То, что я застенчива, знают немногие. Большинству, напротив, я кажусь на редкость самоуверенной. Они составили себе мнение обо мне по моему «светскому» тону и манерам, по тому, с каким самообладанием я выхожу на сцену, читаю стихи и как я, в ответ на аплодисменты, «кланяюсь непринужденно».
Но все это только результат дрессировки – ведь даже зайца можно научить играть на барабане.
Для меня заячьей игрой на барабане явилось главным образом преодоление застенчивости, победа над ней.
Впрочем, только внешняя победа – внутренне я осталась прежней, – тут уж никакое, самое бесчеловечное «воспитание», никакая «полировка» и дрессировка ничего поделать не могли.
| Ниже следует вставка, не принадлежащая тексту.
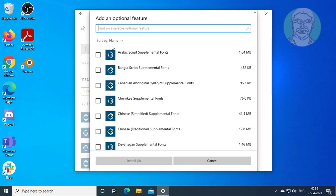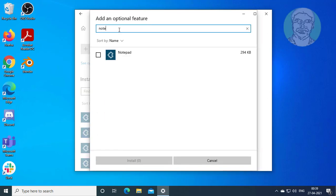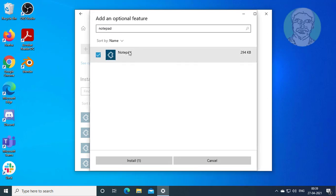Click Add a Feature and type Notepad. Check Notepad and click Install.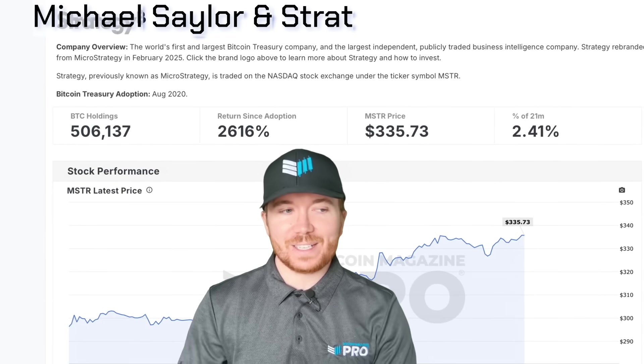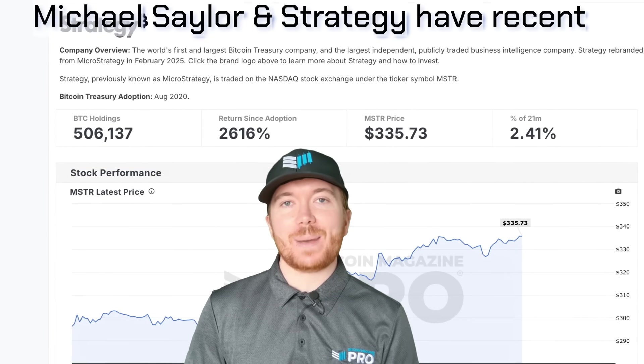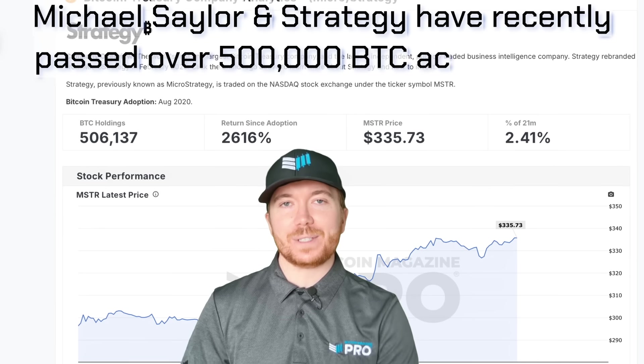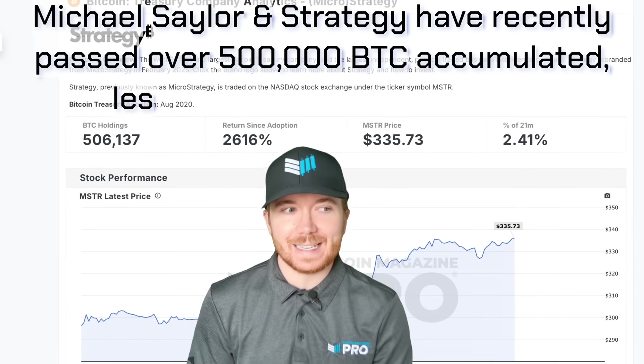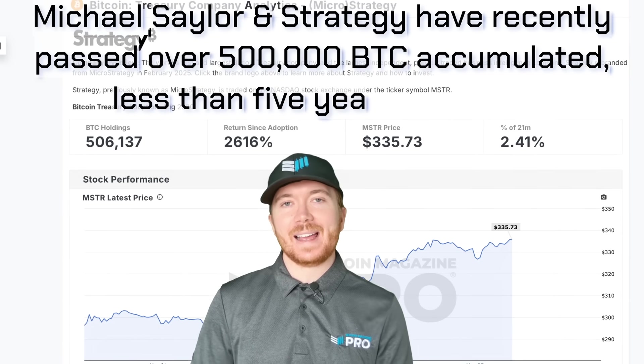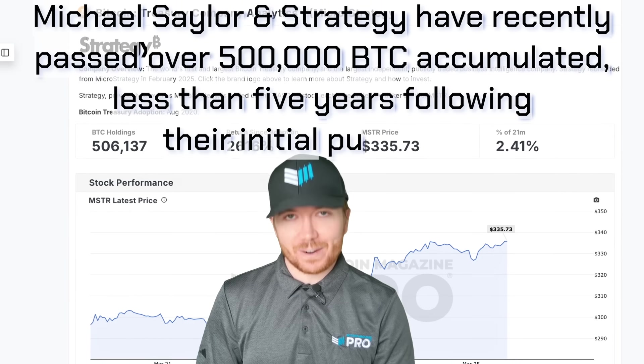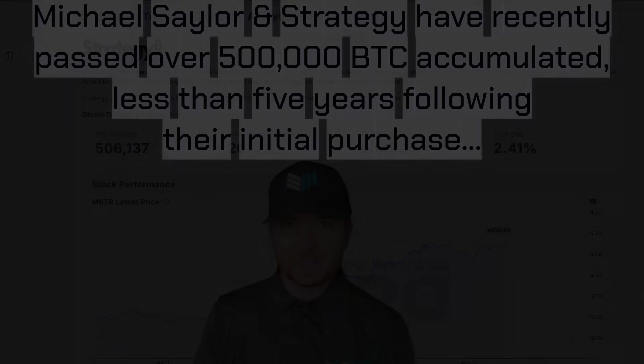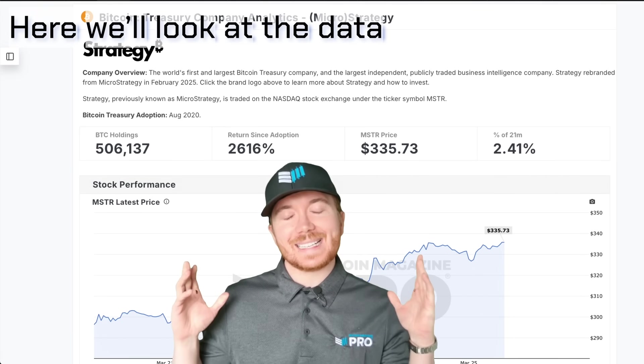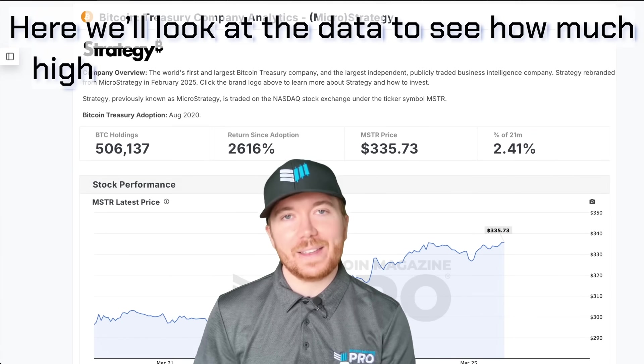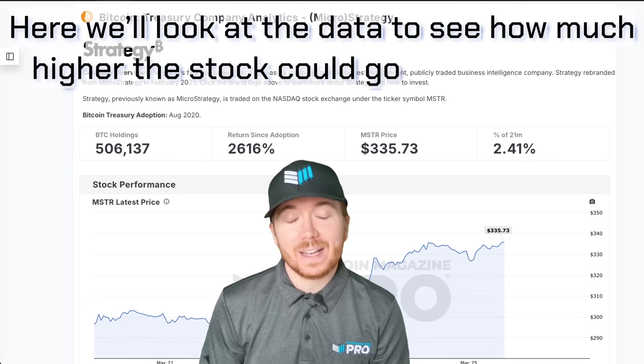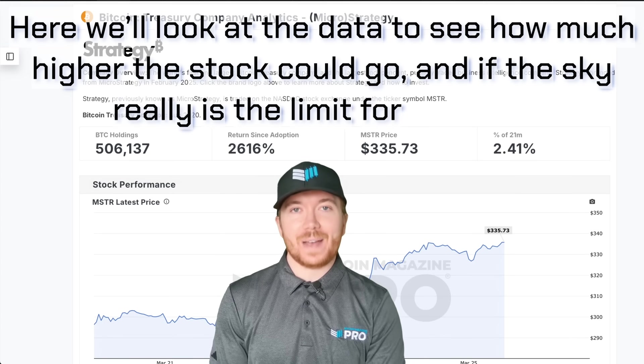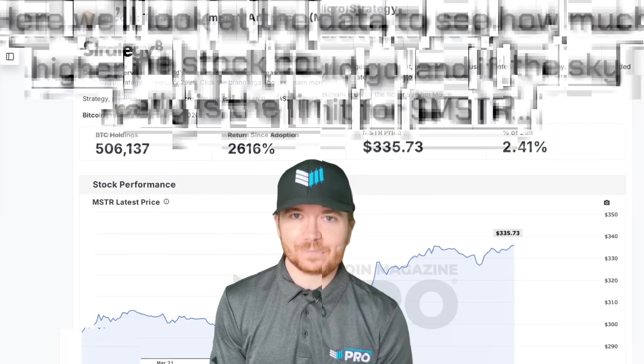Michael Saylor and Strategy have recently passed over 500,000 BTC accumulated in less than five years following their initial purchase. Here we'll look at the data to see how much higher the stock could go and if the sky really is the limit for MSTR.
Но, к счастью, моим внутренним миром мои воспитательницы занимались меньше всего. Ведь их идеалом благовоспитанности считалось не ?tre, a para?tre. [37]
Я, рассказывая Анненкову о собачьей стране, не перестаю испытывать радостного удивления от возможности так легко говорить о себе.
Я чувствую, что между нами уже установилась крепкая нерушимая связь дружбы, что он правильно поймет меня и не станет надо мной смеяться.
И он действительно не смеется надо мной.
– Значит, – говорит он, – вы в детстве не были особенно счастливым ребенком.
– Разве не была? Право, не знаю. Но люди мне тогда были гораздо менее понятны и дороги, чем собаки.
– У меня был чудный сенбернар Каро. Как мы любили друг друга. Не собака, а брат.
Теперь уже Анненков катится кубарем в заповедное царство неисчерпаемых детских воспоминаний, а я «навостряю уши» – ведь слушать и запоминать слышанное одно из главных моих занятий.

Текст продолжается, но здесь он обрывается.